In order to understand the disease state of thyroid storm, one must understand the physiology of the thyroid gland and hyperthyroidism. The thyroid hormones orchestrate the regulation of metabolism within nearly all areas of the body. The thyroid gland is regulated by a negative feedback system. The hypothalamus secretes thyrotropic releasing hormone (TRH) which stimulates the anterior pituitary to release thyroid stimulating hormone (TSH) into the circulation. TSH in turn activates the thyroid gland to produce and release the thyroid hormones T3 and T4. Iodine is also required to produce thyroid hormone. T4 is produced entirely by the thyroid gland while 80% of T3 is produced in the peripheral tissues by the conversion of T4 to T3. The levels of thyroid hormone (T3 and T4) in the circulation provide negative feedback to the hypothalamus and the anterior pituitary to inhibit further TRH and TSH release (Andreoli, Carpenter, Griggs & Benjamin, 2007; Kumrow & Dahlen, 2002).

Hyperthyroidism is a result of excess circulating thyroid hormone. Hyperthyroidism occurs most often in young women and is evidenced by an increase in cellular metabolism which may be manifested by weight loss, palpitations, nervousness, loose stools, heat intolerance, hair loss, and insomnia. (Gittoes & Franklin, 1998; Kumrow & Dahlen, 2002).
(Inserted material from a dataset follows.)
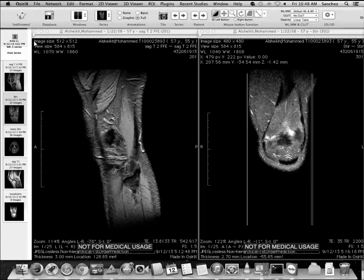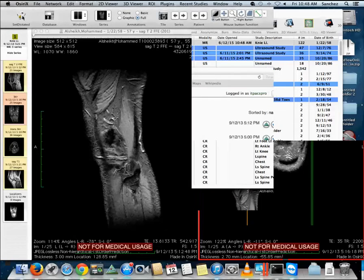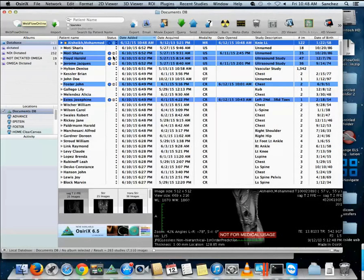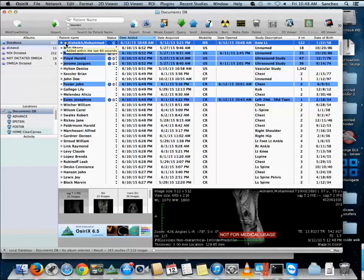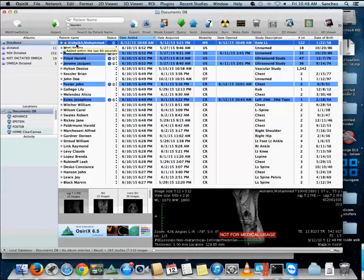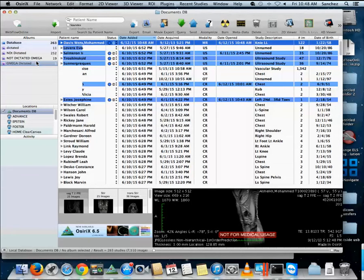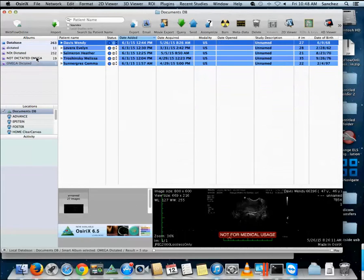So as we can see the study has arrived, it automatically opened. We'll go ahead and mark this dictated. We can see the study here is the very first one, there's an orange circle next to it informing us that it was added within the last 60 seconds. And that would be the workflow.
The most severe expression of hyperthyroidism is thyrotoxocosis, otherwise known as thyroid storm, which can be precipitated by various events as discussed earlier. Signs and symptoms of thyroid storm include hypermetabolism with high fever and sweating; cardiovascular symptoms including tachycardia, atrial fibrillation, or congestive heart failure; neurological symptoms such as agitation, tremor, and mental status change; gastrointestinal symptoms with diarrhea, nausea, and vomiting; supporting laboratory evidence such as a low TSH, high free T4 and or high T3. (Belfort, 2006; Kaplow & Hardin, 2007).

The thyroid hormones, T3 and T4, are bound to plasma protein in the circulation. The unbound or free thyroid hormones actually regulate the negative feedback system; therefore, evaluating the free hormone levels is important as well as evaluating the total hormone levels. Normal thyroid function test values include the following and may vary slightly in different laboratories: total thyroxine (T4) 4.5-12.0 µg/dl, free T4 0.7-1.9 ng/dl, total triiodothyronine (T3) 80-180ng/dl, free T3 230-619 pg/dl, and thyroid stimulating hormone (TSH) 0.5-6 µU/ml (Kumrow & Dahlen, 2002).

Case Study

Rachel is a 22 year old white female found by her roommate to be confused, agitated, diaphoretic, and incontinent of diarrhea stool. The patient was brought by her roommate to a local hospital emergency room for evaluation. The roommate states she is concerned her friend has the flu because she has had fever, nausea, diarrhea, and diaphoresis for the past 24 hours. Rachel had no known prior medical problems.